BEGIN SOURCE MATERIAL
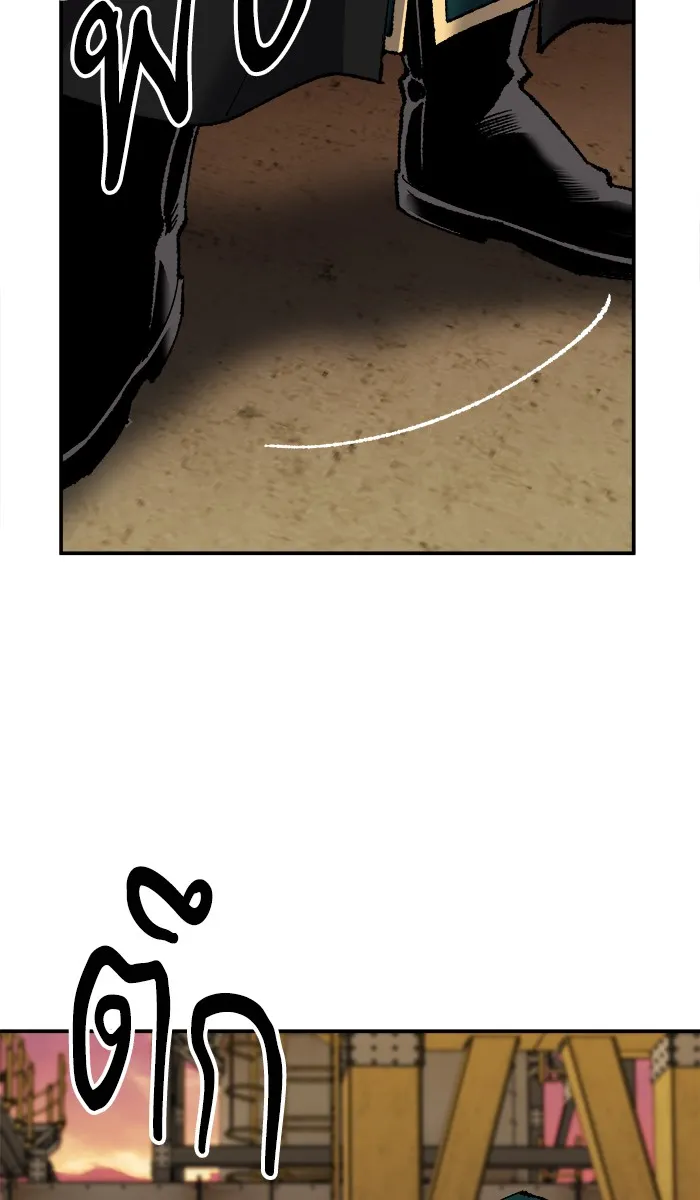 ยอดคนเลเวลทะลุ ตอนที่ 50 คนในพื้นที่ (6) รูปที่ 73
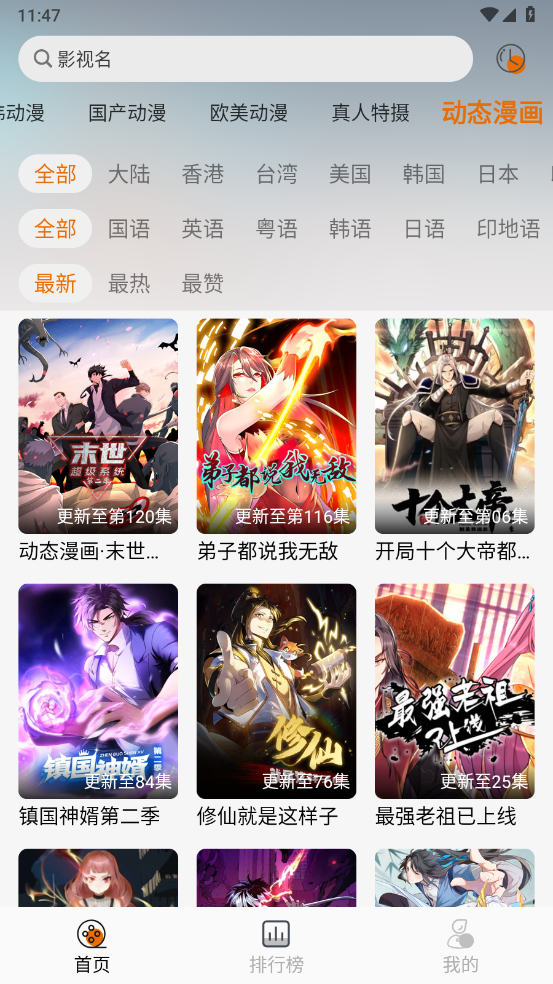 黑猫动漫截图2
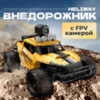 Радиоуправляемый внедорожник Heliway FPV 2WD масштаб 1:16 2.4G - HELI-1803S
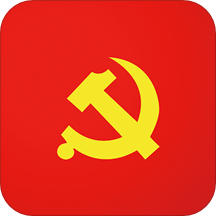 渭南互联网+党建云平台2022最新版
END SOURCE MATERIAL
If the data includes images, omit them, and set down everything else exactly as above.

• **REPLY TO THE EXERCISE**:
 ยอดคนเลเวลทะลุ ตอนที่ 50 คนในพื้นที่ (6) รูปที่ 73
 黑猫动漫截图2
 Радиоуправляемый внедорожник Heliway FPV 2WD масштаб 1:16 2.4G - HELI-1803S
 渭南互联网+党建云平台2022最新版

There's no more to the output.